Op 2 oktober 2024 heeft de Rechtbank Rotterdam uitspraak gedaan in een zaak waarin verzoekster, mevrouw S. van Delft, een voorlopige voorziening heeft aangevraagd op grond van artikel 287b van de Faillissementswet. Verzoekster heeft op 2 september 2024 een verzoekschrift ingediend om een voorlopige voorziening te treffen, waarbij zij verzocht om de huurovereenkomst voor haar woonruimte niet op te zeggen of te ontbinden. De rechtbank heeft op 3 september 2024 de behandeling van het verzoekschrift bepaald op 26 september 2024. Tijdens deze zitting zijn zowel verzoekster als verweerster, vertegenwoordigd door mevrouw K. Oole van de Stichting Havensteder, gehoord.
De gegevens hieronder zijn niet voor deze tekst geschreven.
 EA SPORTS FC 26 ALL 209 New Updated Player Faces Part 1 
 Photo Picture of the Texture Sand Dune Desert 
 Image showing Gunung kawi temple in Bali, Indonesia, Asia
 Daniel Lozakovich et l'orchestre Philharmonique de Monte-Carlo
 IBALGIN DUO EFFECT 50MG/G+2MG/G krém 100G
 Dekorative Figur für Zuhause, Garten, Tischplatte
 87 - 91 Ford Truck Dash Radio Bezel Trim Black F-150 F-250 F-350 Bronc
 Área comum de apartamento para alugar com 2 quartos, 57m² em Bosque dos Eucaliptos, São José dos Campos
Verzoekster heeft aangegeven dat zij hulp heeft gezocht bij de gemeente Rotterdam en bezig is met de aanvraag van beschermingsbewind, terwijl budgetbeheer zal worden ingesteld om de betaling van de vaste lasten te waarborgen.
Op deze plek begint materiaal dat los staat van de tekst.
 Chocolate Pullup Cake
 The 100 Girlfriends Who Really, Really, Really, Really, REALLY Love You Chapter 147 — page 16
De rechtbank heeft vastgesteld dat er sprake is van een bedreigende situatie, aangezien verweerster heeft aangekondigd de woning van verzoekster te ontruimen. De rechtbank heeft de belangen van verzoekster, die in de huurwoning wil blijven wonen en haar schuldenproblematiek wil oplossen, afgewogen tegen de belangen van verweerster, die het vonnis tot ontruiming wil uitvoeren. De rechtbank concludeert dat verzoekster voldoende inkomsten heeft om de huurtermijnen te voldoen en dat de lopende verplichtingen goed worden nagekomen. Daarom heeft de rechtbank de voorlopige voorziening toegewezen voor de duur van zes maanden, met de voorwaarde dat de huurtermijnen tijdig worden voldaan.
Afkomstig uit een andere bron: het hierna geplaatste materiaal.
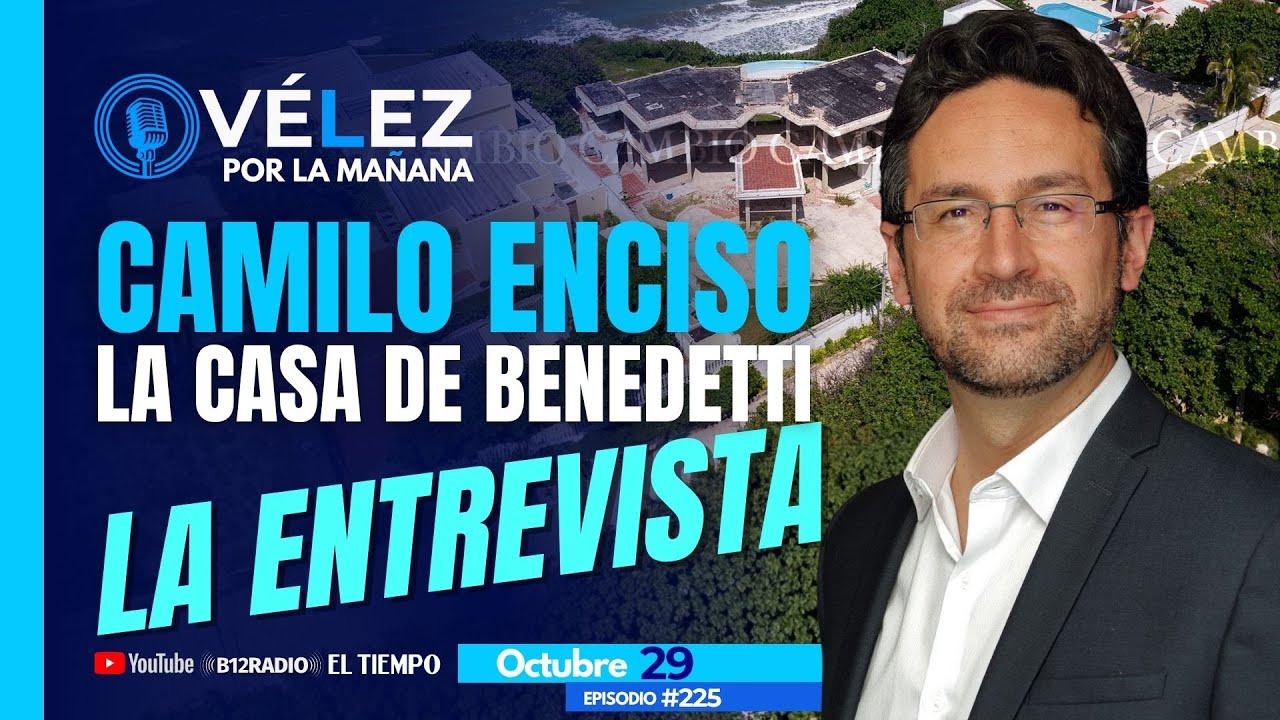 🔊Camilo Enciso - fundador del Instituto Anticorrupción | La casa de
Daarnaast heeft de rechtbank verzoekster niet-ontvankelijk verklaard in haar verzoek tot toelating tot de schuldsaneringsregeling, maar heeft zij aangegeven dat verzoekster in de toekomst een nieuw verzoek kan indienen. De uitspraak is gedaan door mr. M.C. Franken, rechter, en is openbaar uitgesproken op 2 oktober 2024.